-------- EXERCISE DATA
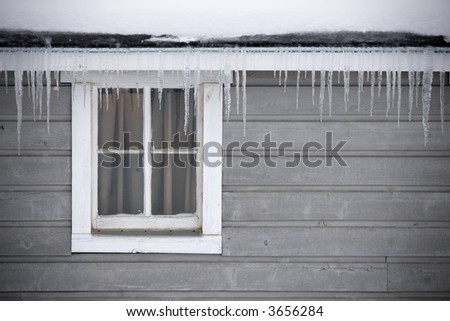 The roof of an old shed drips with icicles on a very cold day.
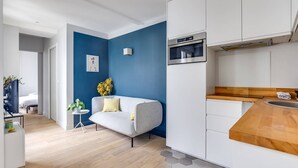 Une cuisine moderne avec des armoires blanches, un four encastré et un plan de travail en bois.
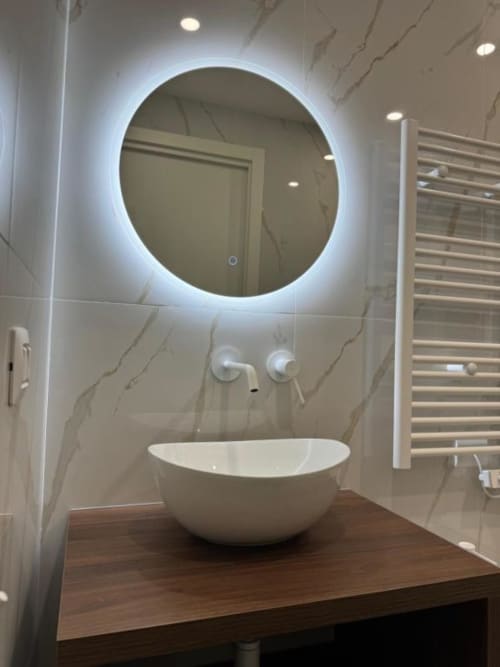 Moderno mobile bagno con lavabo in ceramica bianca, specchio circolare illuminato e rivestimento in marmo presso Maison ì Room in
----------------
ABOUT THIS EXERCISE: Copy out the listing above in full and keep the pictures out.

YOUR RESPONSE:
 The roof of an old shed drips with icicles on a very cold day.
 Une cuisine moderne avec des armoires blanches, un four encastré et un plan de travail en bois.
 Moderno mobile bagno con lavabo in ceramica bianca, specchio circolare illuminato e rivestimento in marmo presso Maison ì Room in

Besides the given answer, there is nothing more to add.